I'm trying to create a small script that replaces a set of characters in a file like this:
# coding=utf-8
import codecs
import os
import sys
args = sys.argv
if len(args) > 1:
subtitleFileName = args[1]
newSubtitleFileName = subtitleFileName + "_new"
replacePairs = {
u"ã": "ă",
u"Ã": "Ă",
u"º": "ș",
u"ª": "Ș",
u"þ": "ț",
u"Þ": "Ț",
}
if os.path.isfile(subtitleFileName):
oldSubtitleFile = codecs.open(subtitleFileName, "rb", "ISO-8859-1")
subtitleContent = oldSubtitleFile.read()
subtitleContent = codecs.encode(subtitleContent, "utf-8")
for key, value in replacePairs.iteritems():
subtitleContent = subtitleContent.replace(codecs.encode(key, "utf-8"), value)
oldSubtitleFile.close()
newSubtitleFile = open(newSubtitleFileName, "wb")
newSubtitleFile.write(subtitleContent)
newSubtitleFile.close()
os.remove(subtitleFileName)
os.rename(newSubtitleFileName, subtitleFileName)
print "Done!"
else:
print "Missing subtitle file!"
else:
print "Missing arguments!"
and it works ok for the first run.
So if I have a file containing Eºti sigur cã vrei sã ºtergi fiºierele?
, after running the script on that file I get Ești sigur că vrei să ștergi fișierele?
which is what I want.
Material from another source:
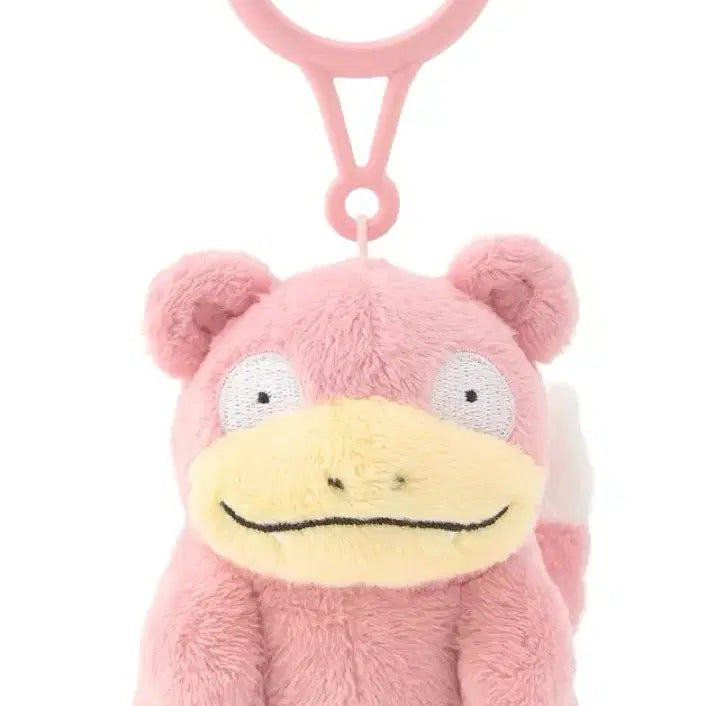 [BUNJANG] Pokemon Slowpoke Carabiner Mascot Plush Keychain / [새상품] 포켓몬스터 야돈 카라비너 마스코트 인형 키링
But if I run it multiple times I get:
EÈti sigur cÄ vrei sÄ Ètergi fiÈierele?
EĂÂti sigur cĂÂ vrei sĂÂ ĂÂtergi fiĂÂierele?
EÄÂĂÂti sigur cÄÂĂÂ vrei sÄÂĂÂ ÄÂĂÂtergi fiÄÂĂÂierele?
EĂÂĂÂÄÂĂÂti sigur cĂÂĂÂÄÂĂÂ vrei sĂÂĂÂÄÂĂÂ ĂÂĂÂÄÂĂÂtergi fiĂÂĂÂÄÂĂÂierele?
And I don't understand why. How does it find some characters that don't exist anymore in the file (ã, º, etc.) to be able to replace them? And why is it even replacing them with some other characters?